Non ancora ventenne, ti trasferisci nella bella Padova. È così?

Sì, dopo la maturità, nel ‘79 mi sino trasferita a Padova per iscrivermi a Materie Letterarie – Magistero, scegliendo l’indirizzo storico artistico. Da allora non l’ho più lasciata, se non per trasferimenti temporanei legati al lavoro. Amo le luci basse dei tramonti in Prato della Valle, il vento leggero nel sagrato del Santo in estate, l’energia dell’Orto botanico, i molti giardini interni, gli azzurri di Giotto nella Cappella degli Scrovegni, le “Piazze” nel periodo delle castagne. Padova è anche centrale rispetto al resto della regione…

Continua, Lorena.

Da metà anni ‘90 abito e lavoro ad Albignasego, comune limitrofo così da essere a 4 chilometri dal centro di Padova e poco di più dall’area termale e dai Colli Euganei per le mie camminate.

Se non sbaglio consegui la laurea a Verona: confermi?
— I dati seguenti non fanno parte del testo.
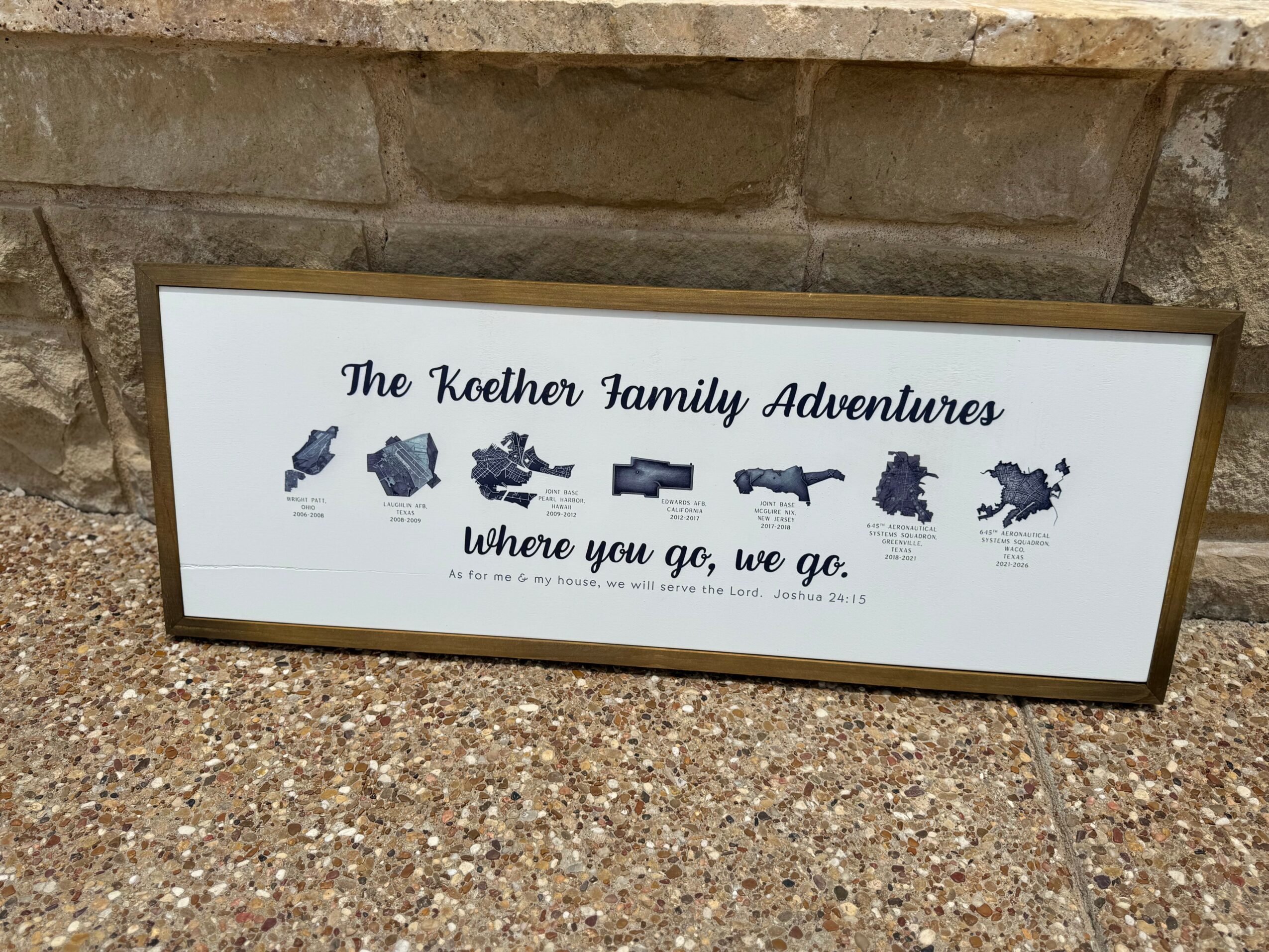 Framed sign with text and silhouettes of various U.S. states, titled 'The Koether Family Adventures,' on a gravel surface.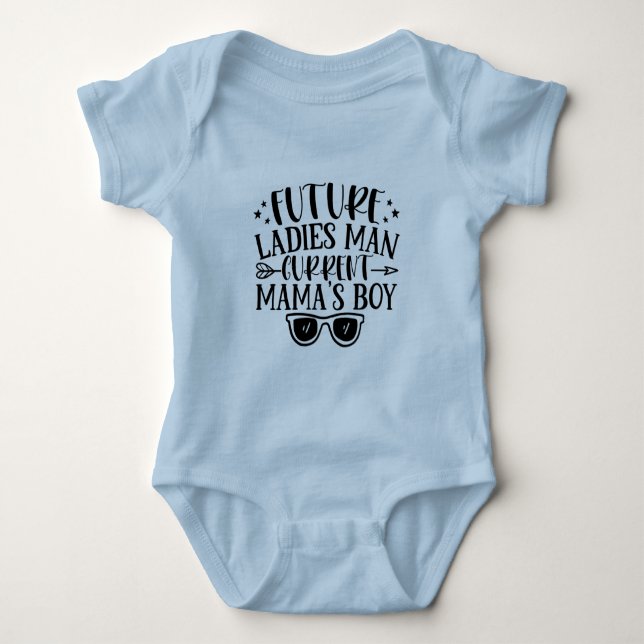 Future Ladys Man Current Mamas Boy Baby Strampler (Vorderseite)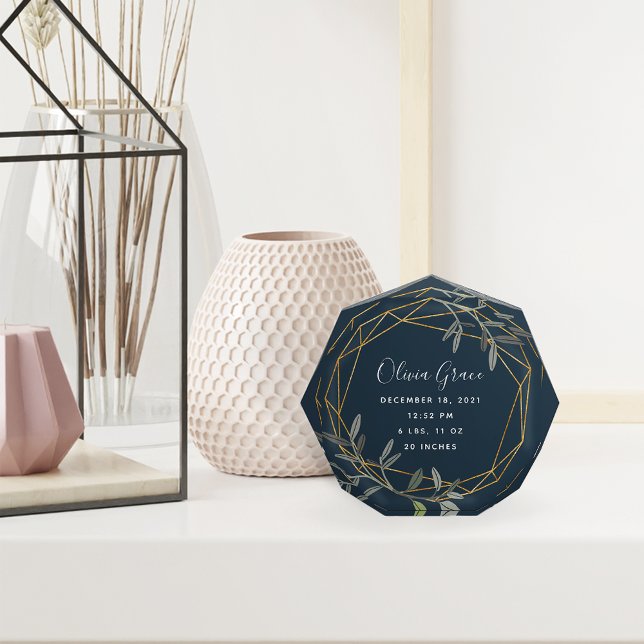 Laurel Leaf Baby Birth Stats Akylic Block (Von Creator hochgeladen)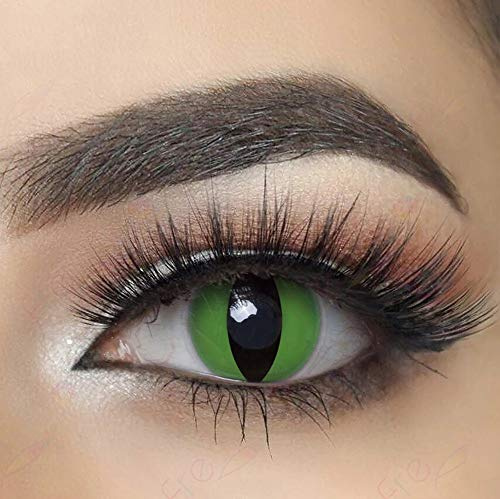 MYSA LENS® Lentilles De Contact De Couleur Fantaisie Crazy Halloween Cosplay Oeil De Chat Vert Oeil De Serpent Green Cat Etui Offert 12 Mois sans correction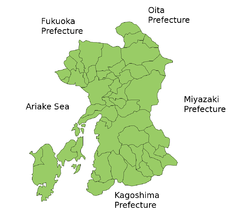 Карта префектуры Кумамото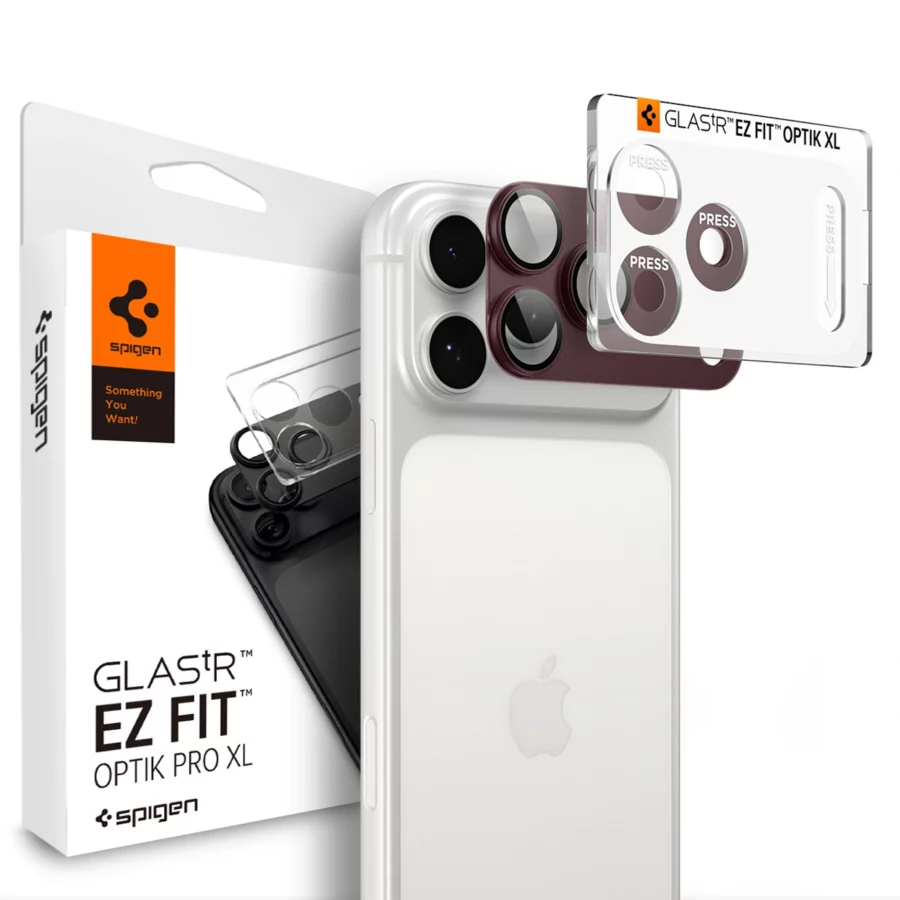 Szkło hartowane na aparat Spigen Optik Pro XL GLAS.TR EZ FIT na iPhone 18 Pro - dark cherry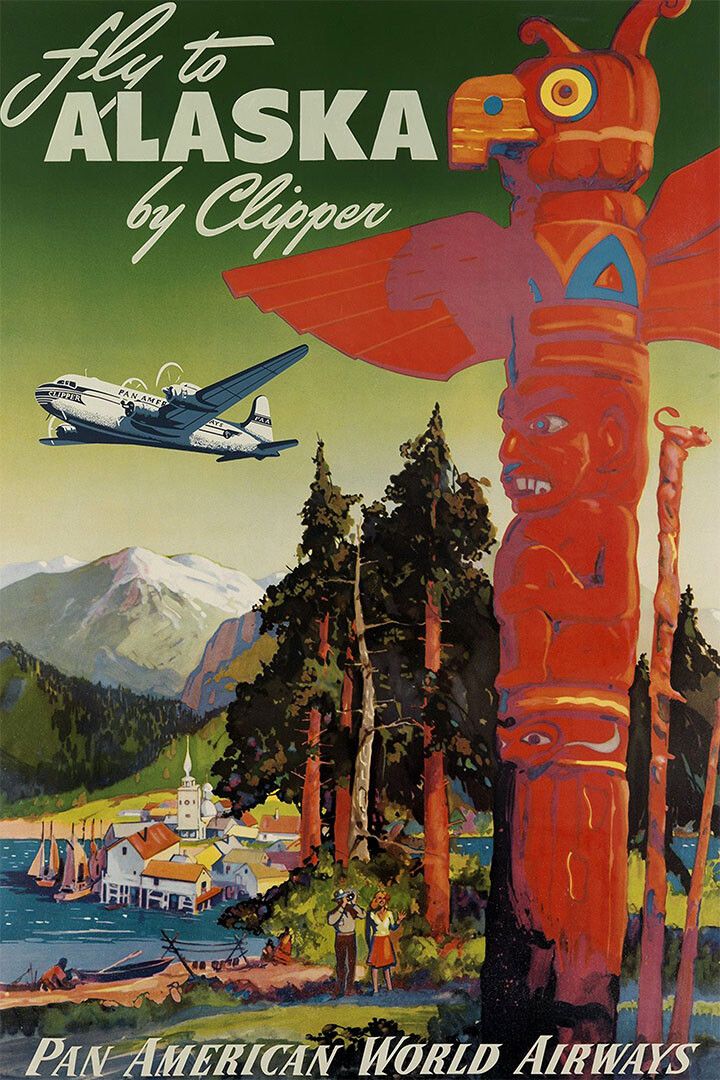 Pan American Airlines Alaska Vintage Travel Jigsaw Puzzle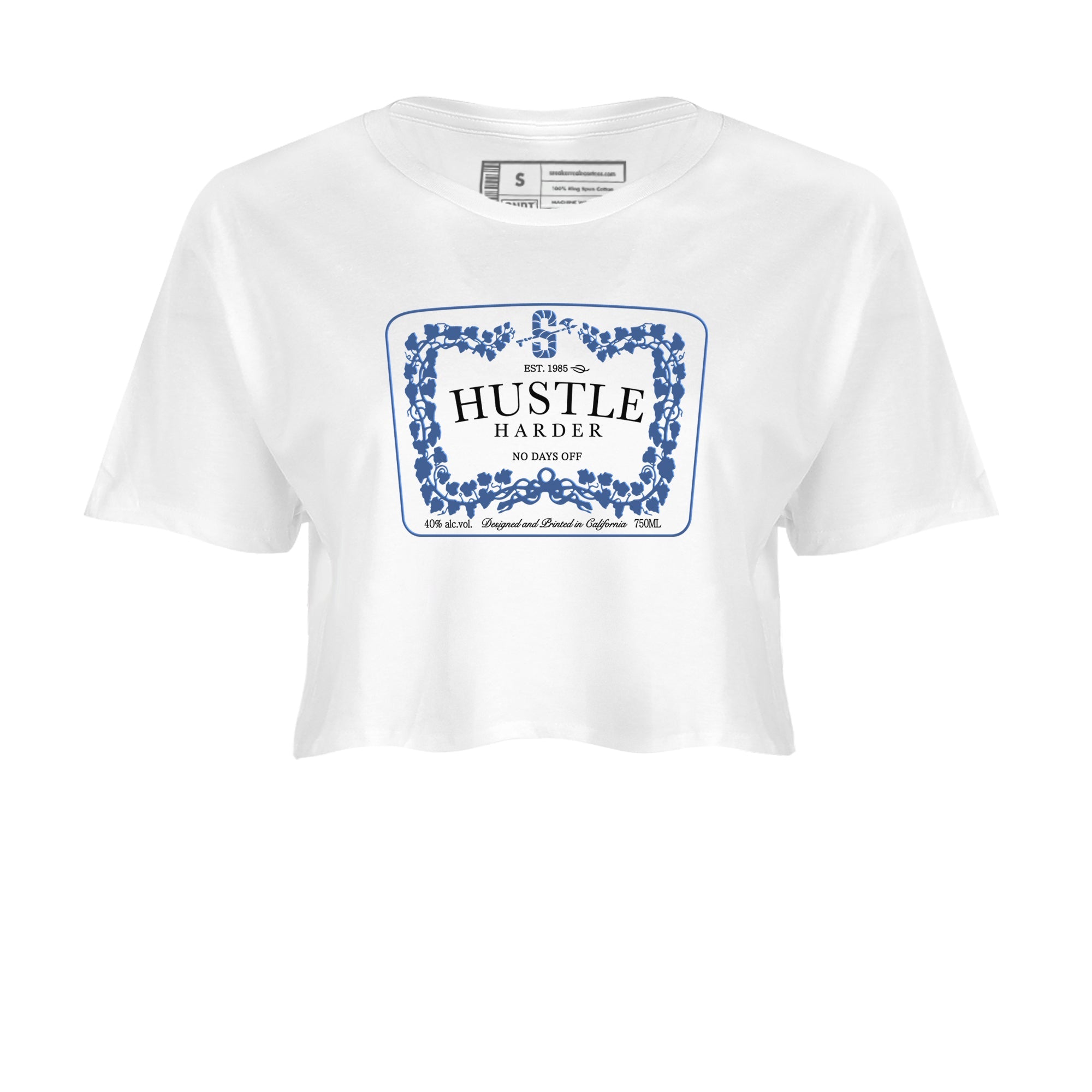 11s Diffused Blue shirts to match jordans Hustle Harder sneaker match tees Air Jordan 11 Diffused Blue SNRT Sneaker Release Tees unisex cotton White 2 Crop Shirts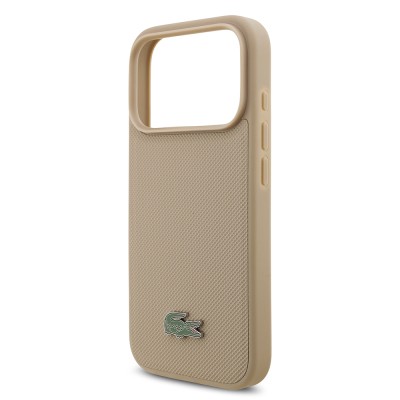 Apple iPhone 17 Pro Kılıf Lacoste Orjinal Lisanslı M-safe Şarj Özellikli PU Pike Desenli Metal Logolu Kartlıklı Kapak - 27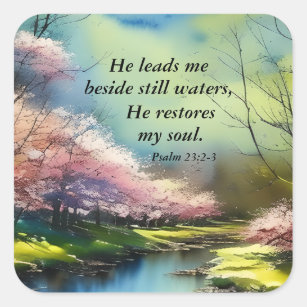 Psalm 23:2-3 Er restauriert mein Soul Bibel Verse Quadratischer Aufkleber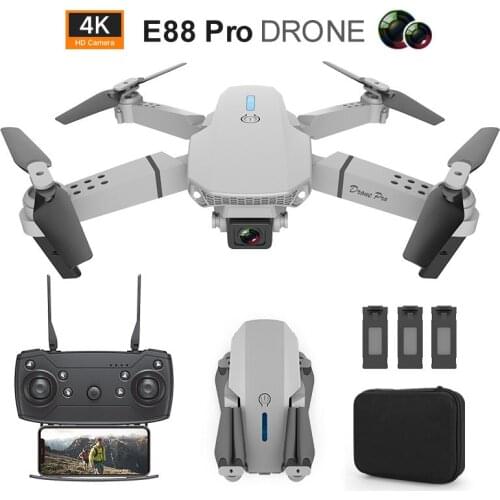 E88 Dual-lens Uav Foldable Aerial Photography Quadcopter With Fixed Height And Stiff Remote Control Aircraft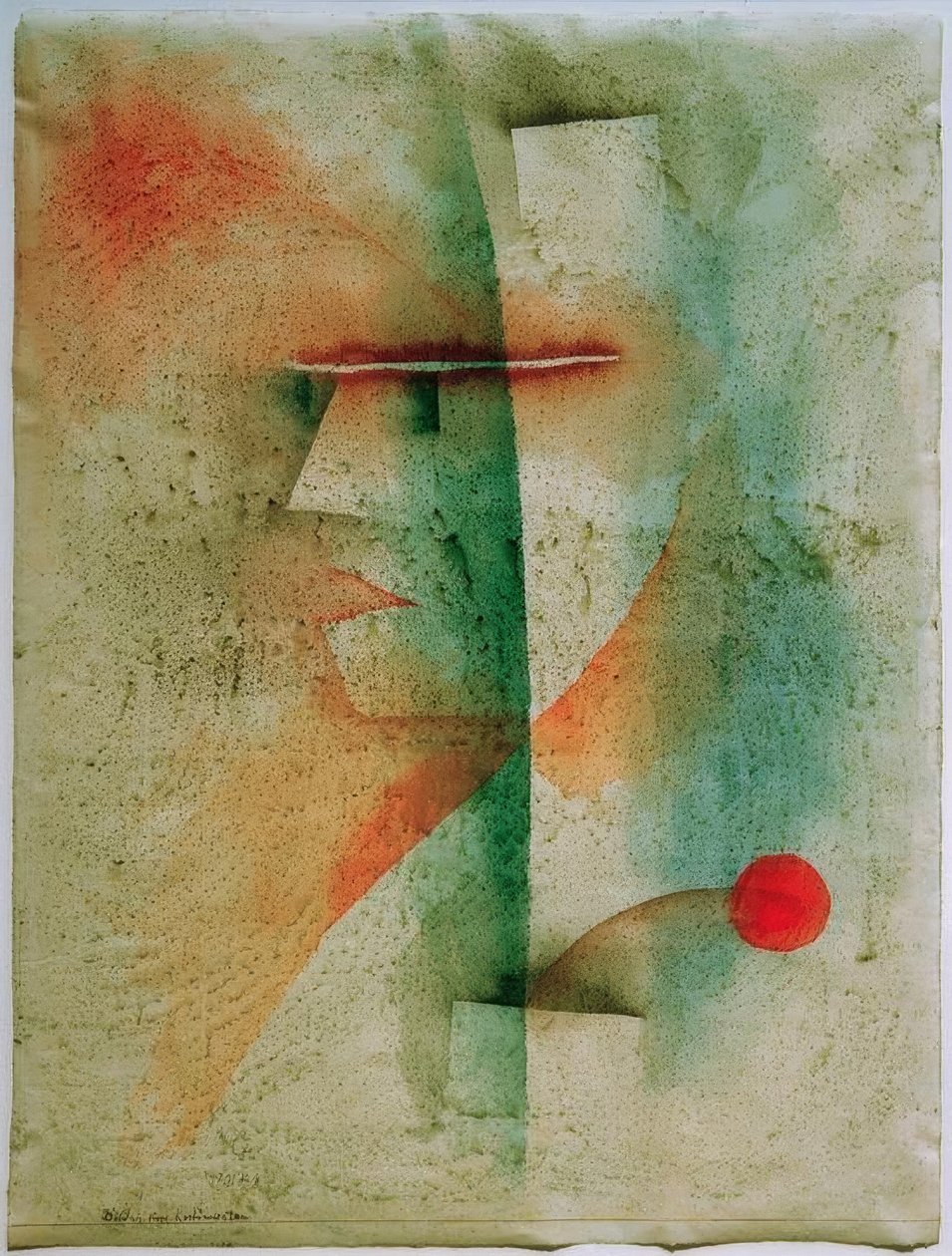 Portræt af en udklædt mand af Paul Klee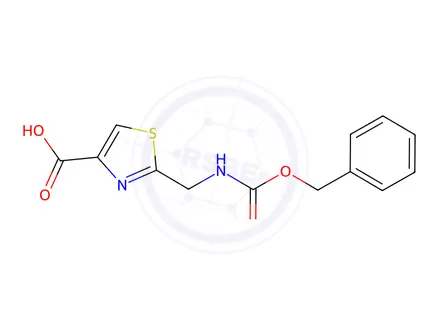 Chemical structure of 2-((((Benzyloxy)carbonyl)amino)methyl)thiazole-4-carboxylic acid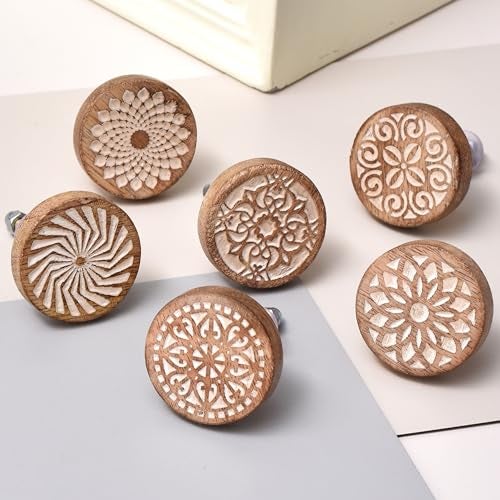 Indian-Shelf IndianShelf 18 Pack- Boho Knobs- Wood Knobs for Cabinets and Drawers- Natural Wooden Dresser Knob- Wooden Knob- Unique Wood Drawer Pulls- Drawer Pulls- Cabinet Door Handles - Image 3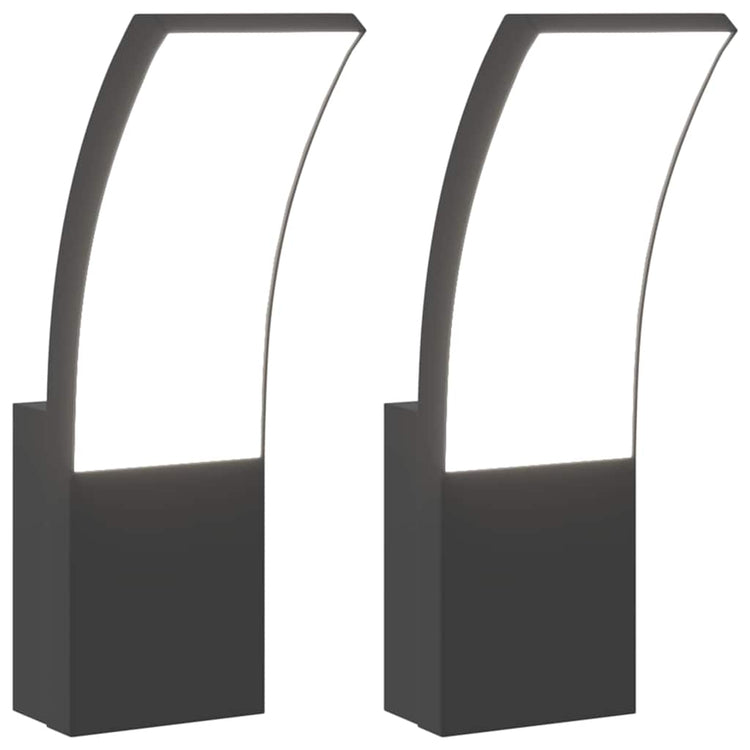 Vidaxl Lampade a parete da esterno 2 St Caschi LED in alluminio nero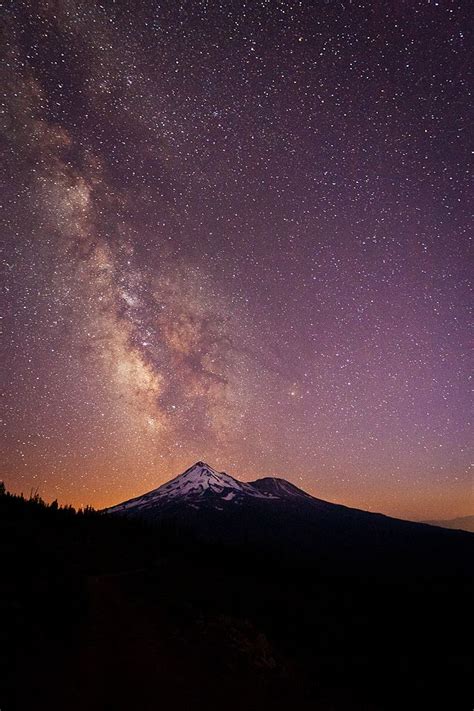 The Milky Way Over Mt Shasta Redding California California Camping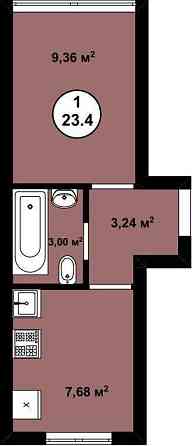 ‼️Продам 1к. квартиру, 23,4 м2, газ котел, два панорамних вікна, без % Софиевская Борщаговка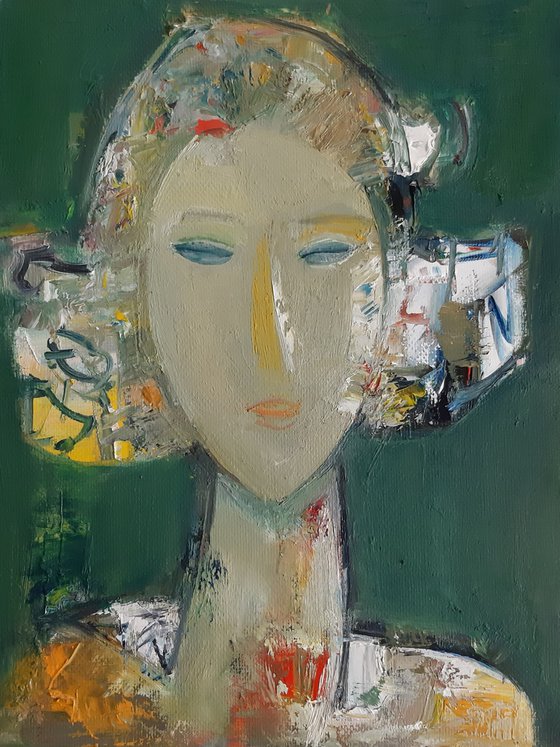 Portrait  (20x26cm ,oil/canvas, ready to hang)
Sì. Dopo due anni di studio all’Università di Padova, decisi di trasferirmi: mi sono laureata a Verona passando dall’indirizzo storico artistico a quello geografico, con tesi in geografia umana (o antropica).

Perché?

Padova in quegli anni, obbligava al numerino come al supermercato per accedere agli sportelli di segreteria e si attendeva in strada, molti i disagi organizzativi della facoltà. Verona spediva tutto a casa o dava l’appuntamento, le attese erano minime. Aveva splendide aule studio, oltre che di lezione. Aveva corsi e servizi aggiuntivi e i docenti erano spesso gli stessi. Fu una scelta facile, nonostante i 180 chilometri in più, tra andare e tornare.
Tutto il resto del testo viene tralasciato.